Text introduction by the artist / photographer followed by 66 artistic photographs, one to a page. While documentary in some aspects, Shaughnessy, a resident of Hoboken since 1981, the images reflect a asthetic viewpoint (see notes.) He is also the book designer. www.litemotifs.com
No table of contents, captions or index. Two works on the back dustjacket panel have short captions, but no locations stated.
|Physical Description||oblong 8vo hardcover|
|Year Range from||2011|
|Year Range to||2011|
2011.053.0001, text page :
I grew up in Waukegan Illinois. My father was the designated picture taker so I didn't really get into photography until high school. By then, we had moved to Graystake, II. and I started taking black and white pictures for the school yearbook. It wasn't long before I was also in the darkroom developing the prints. Quickly I realized two things: the darkroom is where the magic happens and secondly eventually I had to get one of my own. After many months saved I spent all my short-order cook wages from Dog 'n' Suds buying my first SLR KX Pentax camera.
Over the summer, I took a college credit in escrow course down in Normal, Illinois, (yes, that's a real town) and it had a lasting effect on my creative approach to photography. As my camera was the single most expensive purchase to date, I was in the habit of taking it with me everywhere. At the end of the course, we all received honorary awards in addition to college credits. Mine was the "Camera-Grows-Out-of-His-Navel" award.

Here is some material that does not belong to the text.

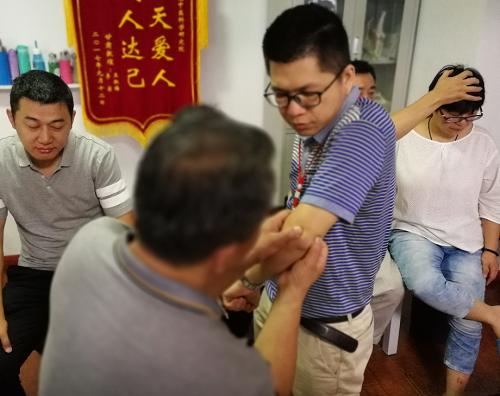 正骨培训加盟流程,中医正骨培训前景怎样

By the next spring I had a Vivitar enlarger, 3 trays, a cropping plate, and took over the second floor bathroom-curn-darkroom. I remember I stuffed a blanket around the edges of the door to plug up the light leaks. The enlarger sat precariously on the toilet seat while the trays of developer, wash and fixative were an arms-reach away in the tub.
In college coming east to transfer into Cooper Union, I again took black and white photography classes. After graduating, I worked as an assistant to Photography Professor Gene Tulchin who produced silverized prints in his own custom-built darkroom. The one thing I came away with from him was the importance of the "happy accident" and inventive experimentation.
This series is a return to black and white, of which I can thank my wife for having the faith in me and this book. While all of the images were taken in color, I'm using Photoshop's arsenal of tools to convert them into black and white images. Once again I feel compelled to go out and get the shot, unencumbered by the feeling of being self-conscious while behind the lens of the camera.
As evident by the title, most of the photographs were taken in Hoboken. The balance of the other shots were snapped in New York City, neighboring Jersey City, Hawthorne, NJ and Brookyln [sic - Brooklyn]. Travels in Upstate New York and Maine also provided additional settings ripe for the taking.